We're Gonna Need a Bigger Boat

It began with an unseen tug on a female leg, and it ended with millions of swimmers around the globe vowing that they would never so much as cross the old crick in their bare feet ever again. Thirty years ago this month, a $9 million thriller, filmed on an obscure New England island of shingled houses, narrow streets, and golden beaches, was hurtling toward a record-breaking $260 million tally at the box office, and the Vineyard-as-Amity toward fame of a magnitude shared only by such byword places as Key Largo, Casablanca, and Chinatown.
    
The magazine gathered a few of the important players – in front of the camera, behind it, or both – for a series of conversations about what Jaws: the Phenomenon did for (and to) both them and the Island of Martha’s Vineyard.
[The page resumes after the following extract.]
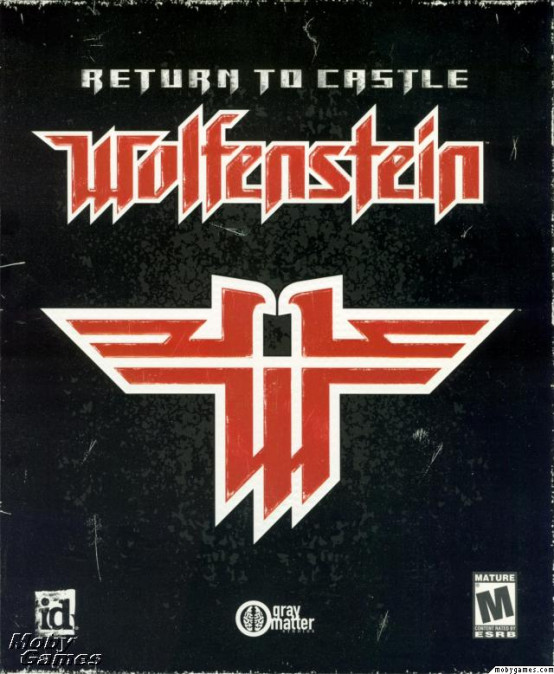 Return to Castle Wolfenstein (PC) Letölthető PC
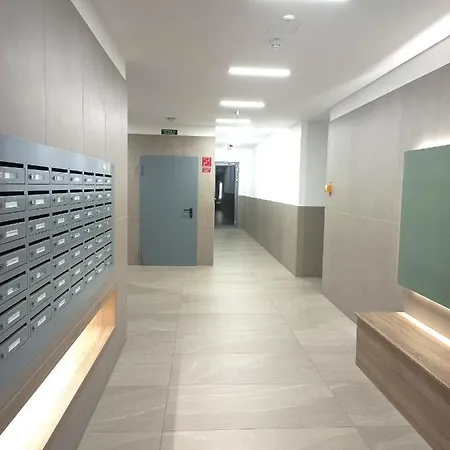 Green City Center Apartment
Lee Fierro and Jeffrey Voorhees, actors

The backstory

Alex Kintner (Jeffrey Voorhees) begs his mother (Lee Fierro) to let him go in the water. She hesitates, but relents. Alex paddles around on a yellow inflatable raft. His mother remains on the beach, absorbed by a book. Alex is suddenly pulled under water. Blood fountains up like an oil strike. Panic follows. Scores of children charge out of the water. Mrs. Kintner notices the commotion and gets up. She watches the other children reunite with their parents. She cries out for her son. All the others, except for a Labrador retriever, have been accounted for. The raft is in tatters in the wash.

The last reunion

The last time Lee Fierro of Vineyard Haven and Jeffrey Voorhees of Edgartown saw each other, Lee, now seventy-six, was dining with friends at The Wharf Pub in Edgartown. She saw an item on the menu called the Alex Kintner and mentioned the Jaws connection. Jeffrey, now forty-two, a manager at the restaurant, overheard her and approached the table.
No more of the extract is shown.